El gobernador Henri Falcón, ante la conmoción pública y los señalamientos contra policías regionales, condenó el hecho y advirtió que «el problema de la inseguridad no se resuelve con métodos arcaicos, anacrónicos e inhumanos»,  además de ofrecer abierta colaboración a los investigadores, con lo cual cabe esperar que de ser ciertos los señalamientos, los culpables paguen.

Los jóvenes de Cerro Gordo eran eso: jóvenes, estudiantes y trabajadores. ¿Tenían algún delito?  Lo podrán decir las  autoridades, pero lo inaceptable es pretender, en este o cualquier caso, asomar una mínima justificación cuando se trata de evadir los canales regulares para imponer una extraña forma de justicia.

Los padres de Edson Javier, Yonder Alexander y Franyer José reclaman hechos y verdad como también las miles de familias venezolanas que visten de luto activo porque la inseguridad o un funcionario sin derecho a llevar la dignidad de un uniforme,  hace rato les quitó la tranquilidad.

Se ha repetido hasta la saciedad que la larga lista de la guerra civil venezolana de cada fin de semana, cobra más víctimas que los episodios bélicos de países lejanos. Pero no son muertos sin rostros: cada uno tiene una historia, un episodio truncado por estar en el sitio menos indicado.

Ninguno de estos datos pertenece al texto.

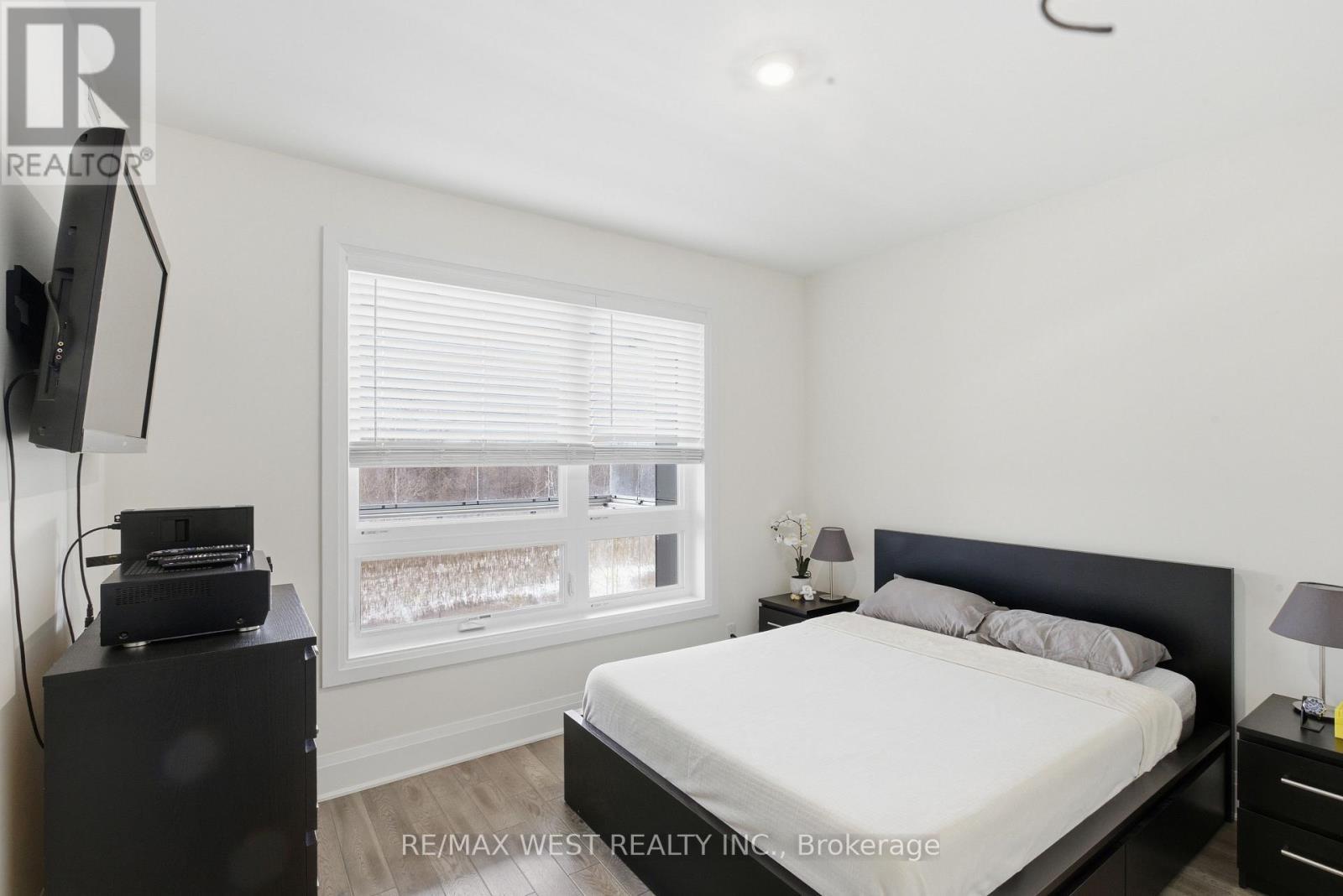 412 - 2 Adam Sellers Street, Markham, ON - Indoor Photo Showing Bedroom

En esta semana reciente, la población de Quíbor, capital del municipio Jiménez, pueblo tranquilo de agricultores y tardes en bicicleta, salió a protestar y lo hizo por esa angustia repetida hasta la saciedad: ¡No a la inseguridad!, que se complementa con un no a la impunidad, a la corrupción del Poder Judicial y a la falta de una política real, capaz de devolverle al venezolano el instante tranquilo de estar en una acera o en el porche de su casa sin temor a una bala perdida.

El presidente, al referirse a los hechos de Amuay y en una frase infeliz, sostuvo que  «la función debe continuar», pero no hay show posible cuando la pérdida se traduce en vidas humanas. La delincuencia, hace rato, protagoniza esa función, sin riesgo a perder el papel principal. Ojalá no sea lejano el día cuando la Venezuela cordial y alegre, pueda cambiar zozobra por esperanza y lograr respeto al más elemental de los principios: el derecho a la vida.